Ok, c’est posé-là. Pourtant King-Ju est conscient qu’il tient quelque chose de particulier : L’truc xplosif est une bombe à retardement façonnée à coup de beats des années 90 qui te touchent et qui te couchent ! Ces balles, il en distribue à la volée et n’épargne personne : DTB (Dans ton baladeur), le premier single dévoilé de ce « Stup forever », aligne les cibles unes à unes et dégaine à tout va. Dans cette toile de fond de plus en plus rap, King-Ju nous démontre qu’il excelle toujours !

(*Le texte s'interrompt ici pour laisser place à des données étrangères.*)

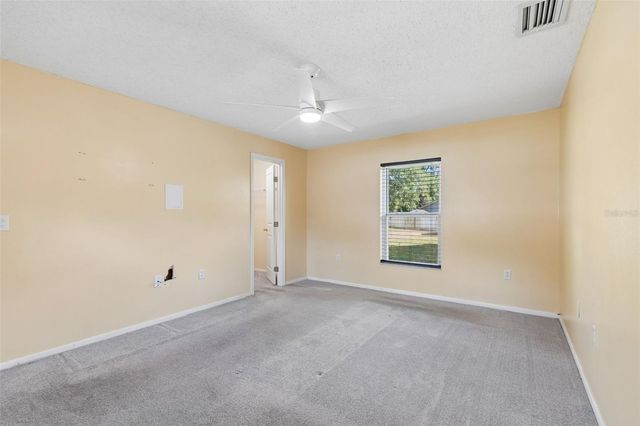 8445 N RIVER DUNE STREET, Tampa, FL 33617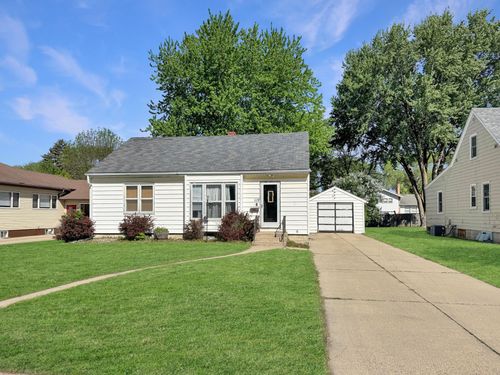 119 E St, Marshall, MN, 56258-2511 | Card Image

Outre son côté sombre, penchant clairement vers un rap criard qui fait partie de l’ADN de Stupeflip, ce « Stup forever » renferme forcément ses traditionnels interludes. D’ailleurs, il y a tout un lot de compos plus hybrides que King-Ju ou Pop Hip aiment bien explorer : mention spéciale aux grosses vibes des Gens qui s’énervent ! Un sacré riddim lancé pour partir en guerre contre tous les caractériels (qui finissent, chez King-Ju, en minerve). Un morceau reggae et doux pour prévenir d’un éventuel dérapage, on ne peut qu’apprécier l’art du contre-pied !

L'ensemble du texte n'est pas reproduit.